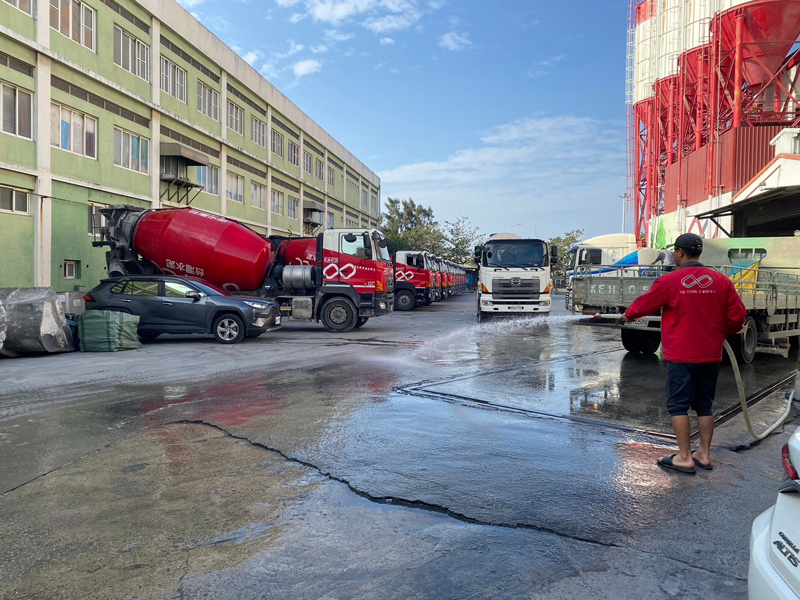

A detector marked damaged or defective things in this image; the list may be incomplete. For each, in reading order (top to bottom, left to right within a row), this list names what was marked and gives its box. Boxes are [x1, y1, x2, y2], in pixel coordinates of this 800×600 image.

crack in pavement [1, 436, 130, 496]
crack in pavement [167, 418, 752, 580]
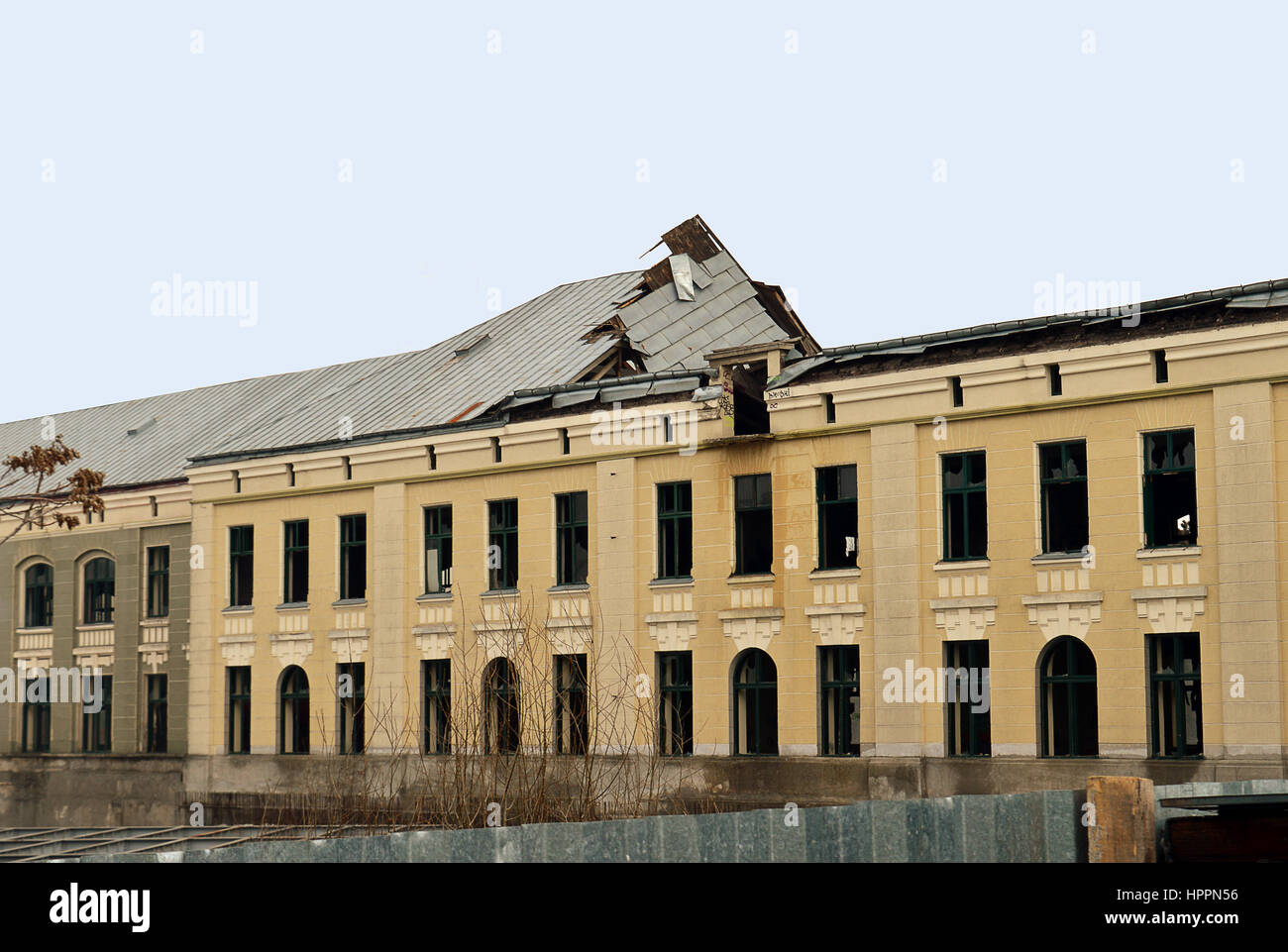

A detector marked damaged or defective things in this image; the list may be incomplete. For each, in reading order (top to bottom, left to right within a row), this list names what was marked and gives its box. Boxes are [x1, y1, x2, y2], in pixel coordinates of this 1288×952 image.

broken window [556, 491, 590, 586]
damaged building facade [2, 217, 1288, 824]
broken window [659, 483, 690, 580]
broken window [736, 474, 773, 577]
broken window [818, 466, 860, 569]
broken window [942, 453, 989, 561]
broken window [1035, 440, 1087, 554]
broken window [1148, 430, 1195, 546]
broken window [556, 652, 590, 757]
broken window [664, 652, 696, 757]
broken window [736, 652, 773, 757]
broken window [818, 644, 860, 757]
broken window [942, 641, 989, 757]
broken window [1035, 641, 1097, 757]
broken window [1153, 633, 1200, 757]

◆ TASK PROMPT
Exact copy, no pictures: reproduce every record above.

◆ WRITTEN ANSWER
A detector marked damaged or defective things in this image; the list may be incomplete. For each, in reading order (top to bottom, left to right within a row), this list names what was marked and gives its box. Boxes are [x1, y1, x2, y2], in pixel coordinates of this 800×600 image.

crack in pavement [1, 436, 130, 496]
crack in pavement [167, 418, 752, 580]

A detector marked damaged or defective things in this image; the list may be incomplete. For each, in reading order (top to bottom, left to right within a row), this list names what was marked and gives its box. Boxes are [x1, y1, x2, y2], in pixel coordinates of this 1288×952 image.

broken window [556, 491, 590, 586]
damaged building facade [2, 217, 1288, 824]
broken window [659, 483, 690, 580]
broken window [736, 474, 773, 577]
broken window [818, 466, 860, 569]
broken window [942, 453, 989, 561]
broken window [1035, 440, 1087, 554]
broken window [1148, 430, 1195, 546]
broken window [556, 652, 590, 757]
broken window [664, 652, 696, 757]
broken window [736, 652, 773, 757]
broken window [818, 644, 860, 757]
broken window [942, 641, 989, 757]
broken window [1035, 641, 1097, 757]
broken window [1153, 633, 1200, 757]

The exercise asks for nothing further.